Exercise data:
== Segment start ==
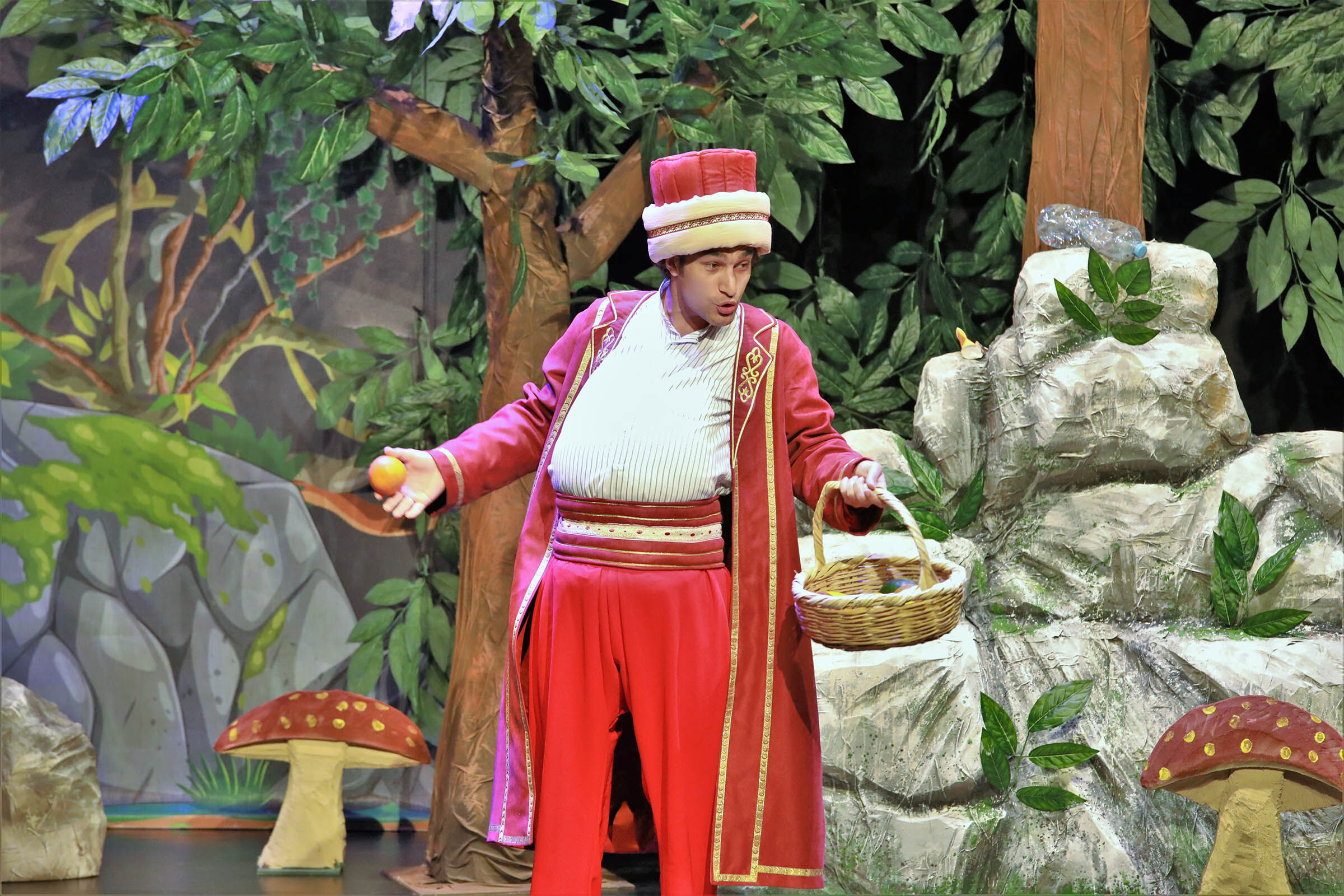 Kavuklu Ve Pi̇şekar Ormanda (2)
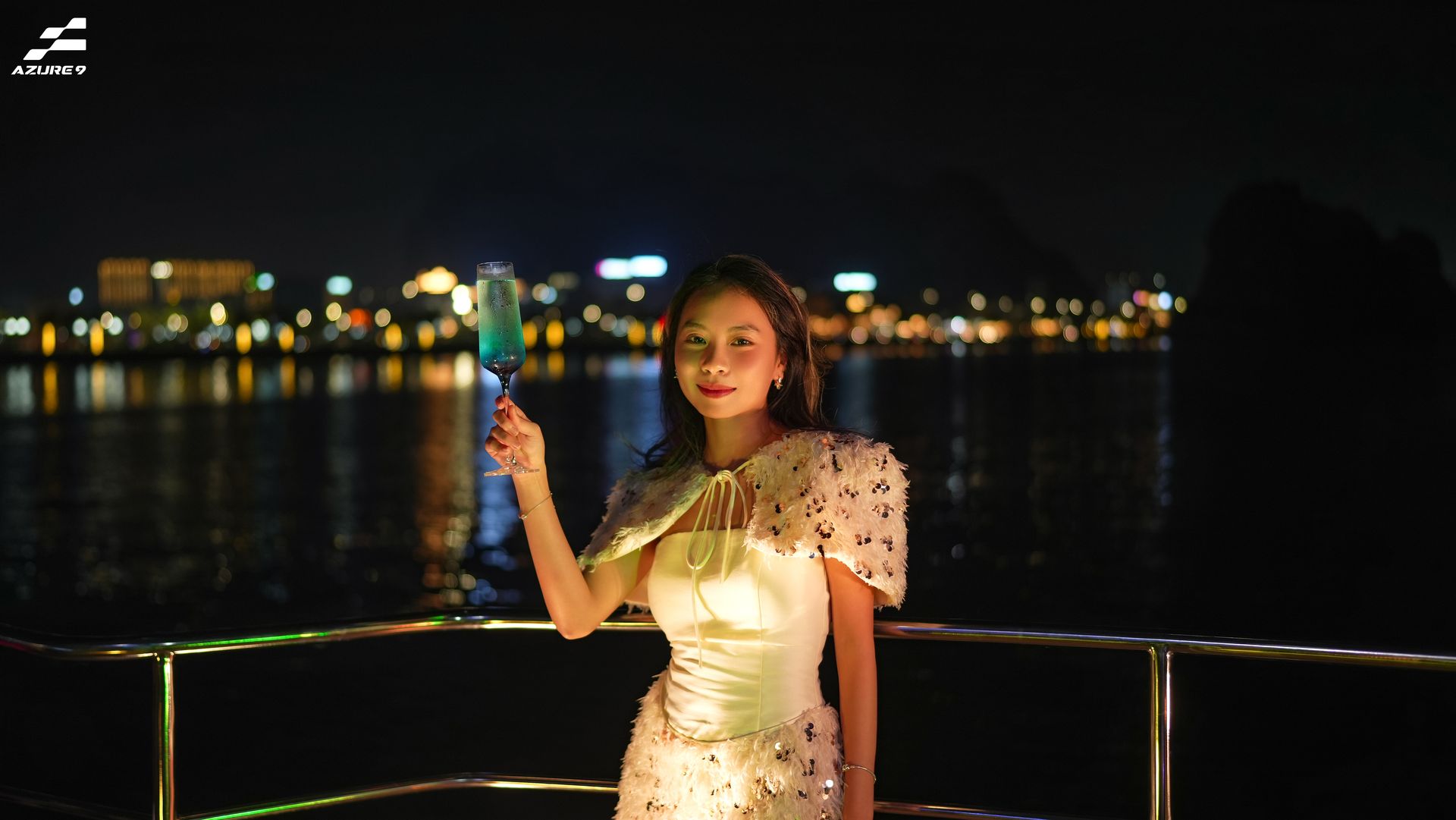 Thưởng thức đồ uống trong hành trình ngắm cảnh Hạ Long từ trên mặt vịnh.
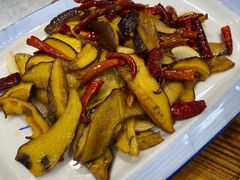 -菌之家·专业纯野生菌火锅·特色炒菌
== Segment end ==
Work to be completed:
Across the whole listing, reproduce each line verbatim and exclude every picture.

Response to this task:
 Kavuklu Ve Pi̇şekar Ormanda (2)
 Thưởng thức đồ uống trong hành trình ngắm cảnh Hạ Long từ trên mặt vịnh.
 -菌之家·专业纯野生菌火锅·特色炒菌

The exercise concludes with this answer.